▶ **Work instructions**
Would you transcribe exactly the lines from the beginning of the records below through the line with "Pois uma mulher", both included, omitting the pictures?

[Stored dataset items]
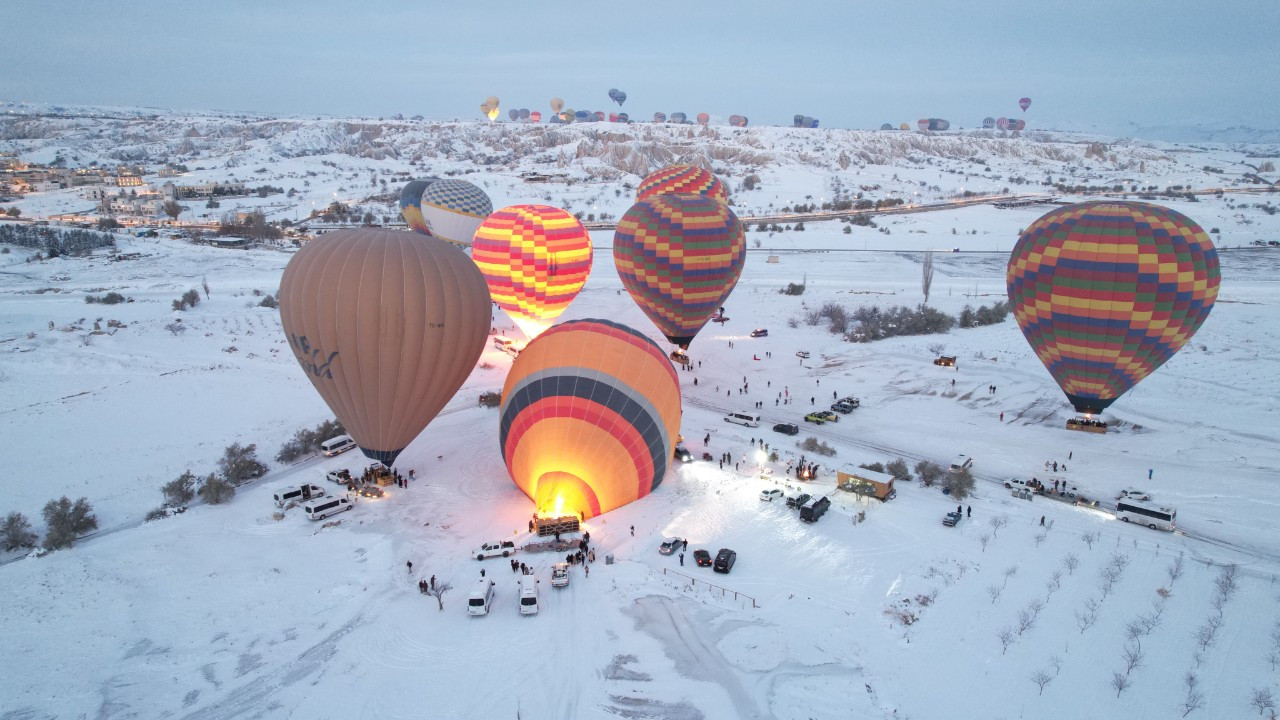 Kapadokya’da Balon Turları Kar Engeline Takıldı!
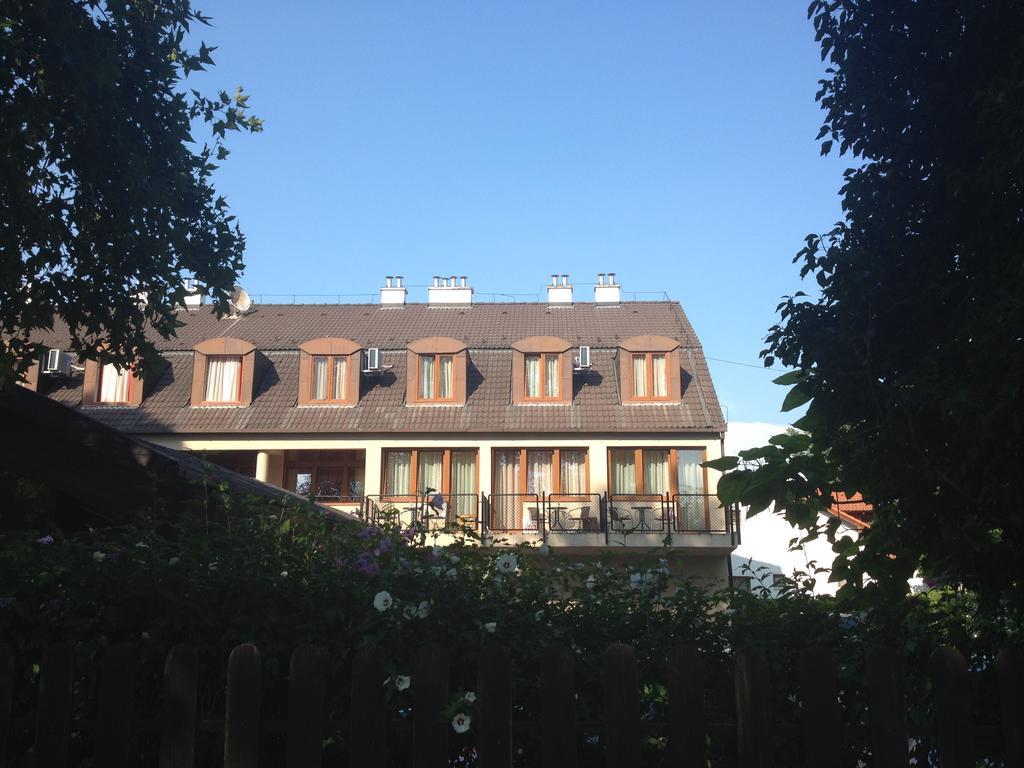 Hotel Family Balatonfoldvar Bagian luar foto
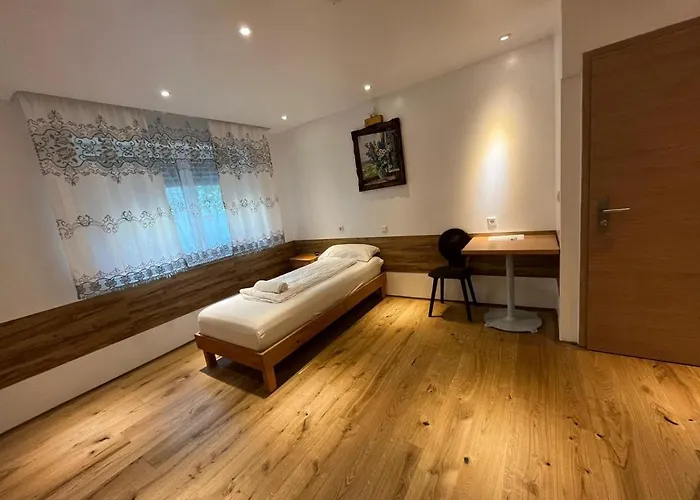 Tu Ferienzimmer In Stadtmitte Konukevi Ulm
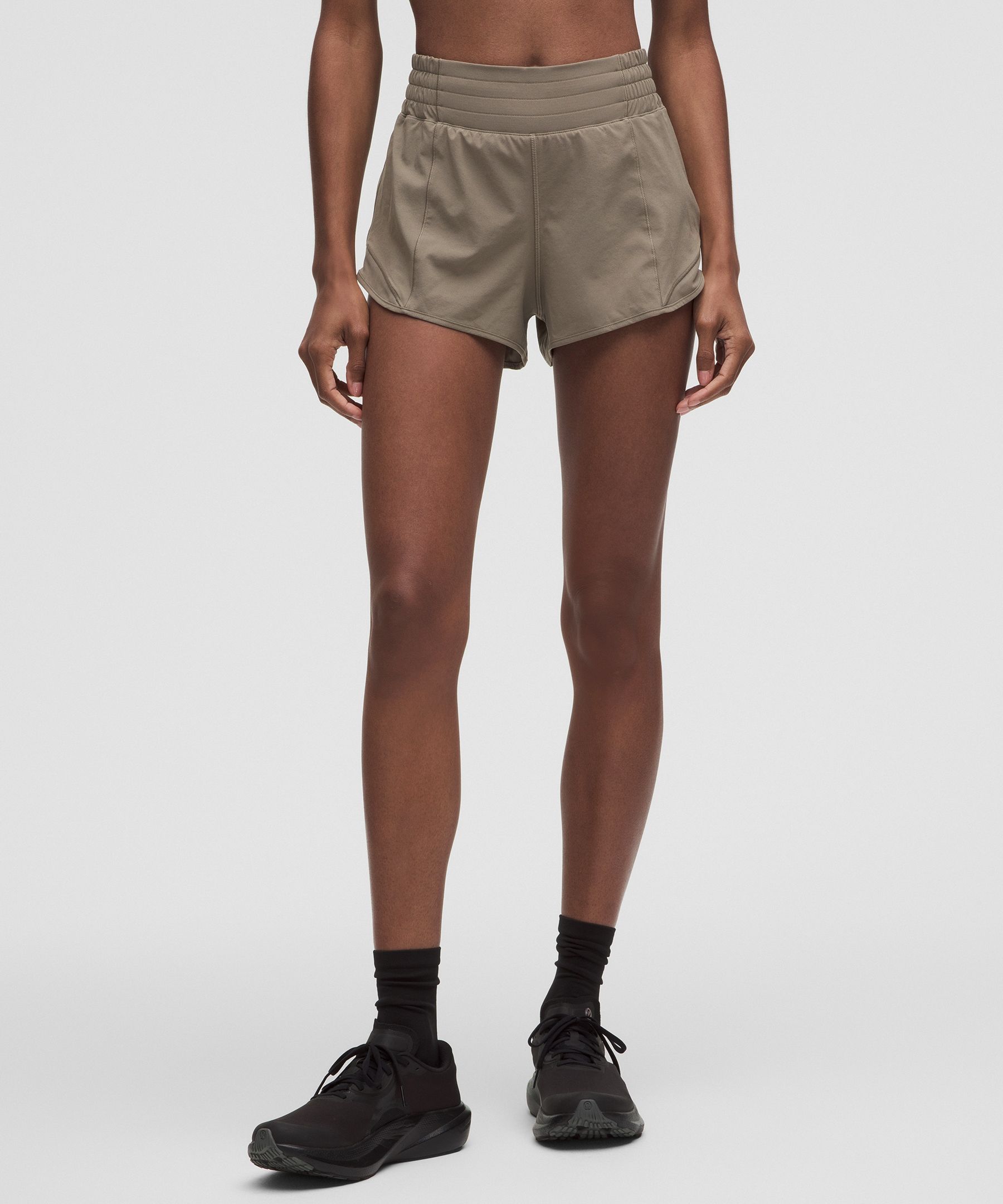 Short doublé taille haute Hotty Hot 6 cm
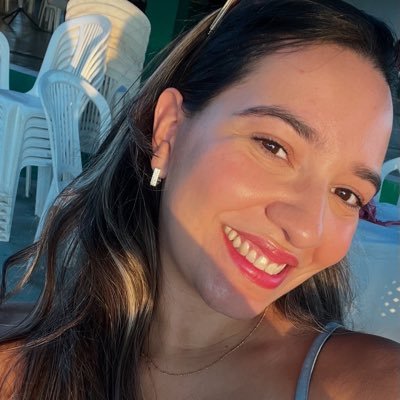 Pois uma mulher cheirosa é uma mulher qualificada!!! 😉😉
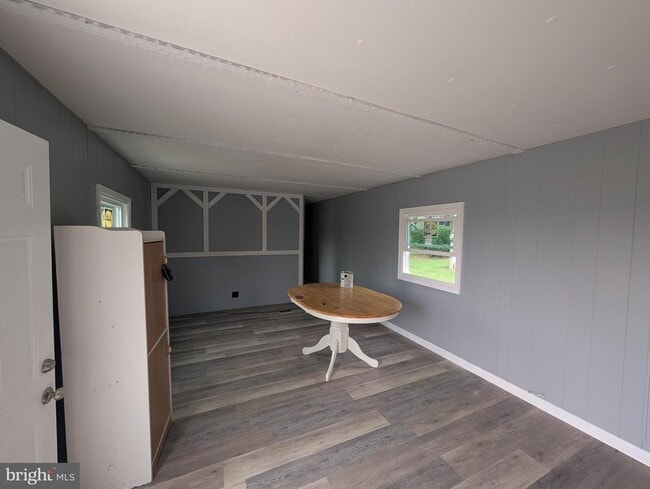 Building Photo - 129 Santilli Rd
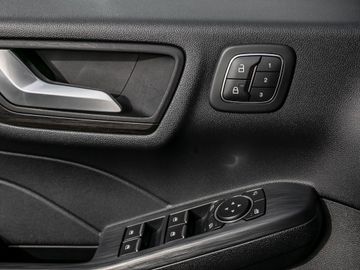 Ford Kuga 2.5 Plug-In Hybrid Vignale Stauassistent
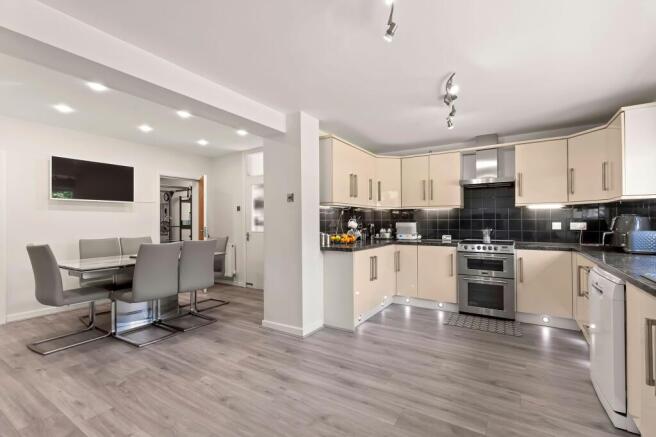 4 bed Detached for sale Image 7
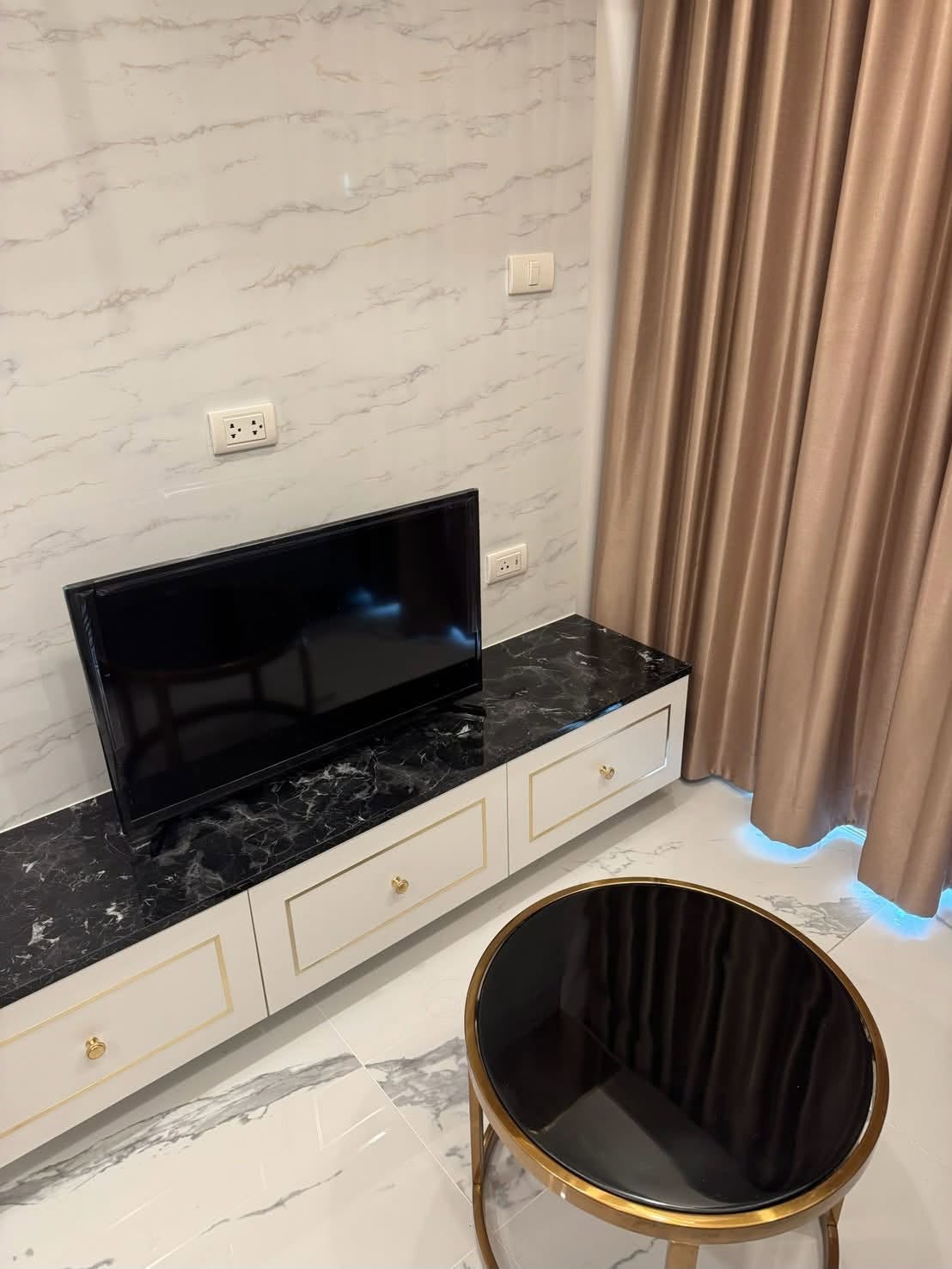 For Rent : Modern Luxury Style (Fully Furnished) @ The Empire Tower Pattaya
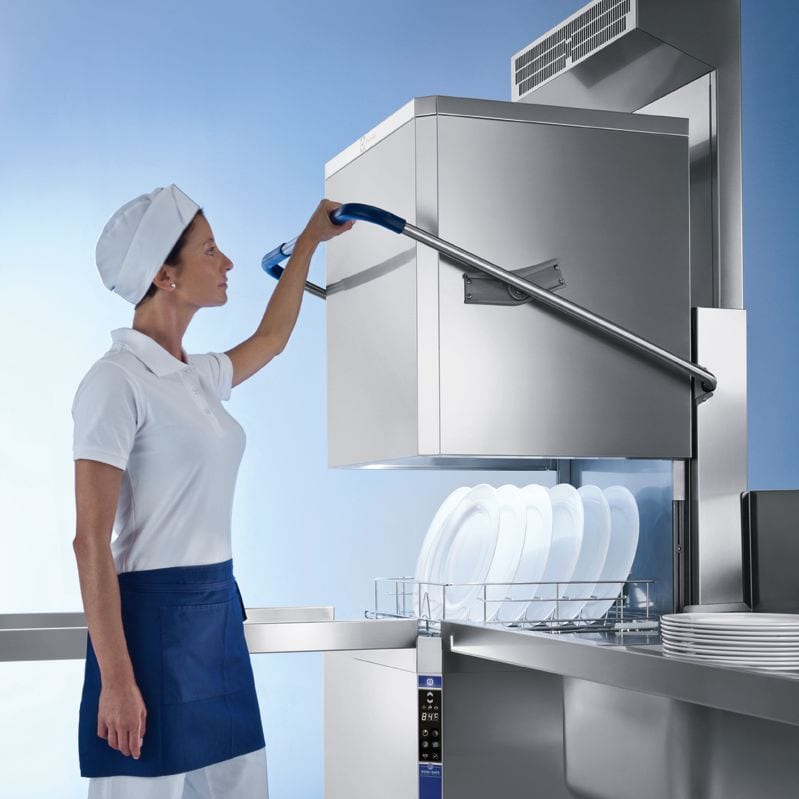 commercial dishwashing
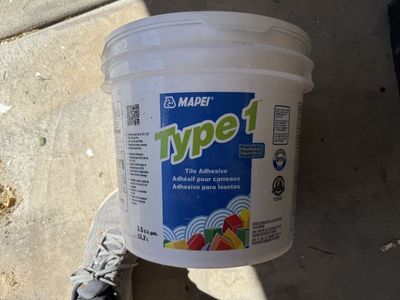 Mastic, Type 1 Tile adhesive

▶ **Solution for this task**
 Kapadokya’da Balon Turları Kar Engeline Takıldı!
 Hotel Family Balatonfoldvar Bagian luar foto
 Tu Ferienzimmer In Stadtmitte Konukevi Ulm
 Short doublé taille haute Hotty Hot 6 cm
 Pois uma mulher cheirosa é uma mulher qualificada!!! 😉😉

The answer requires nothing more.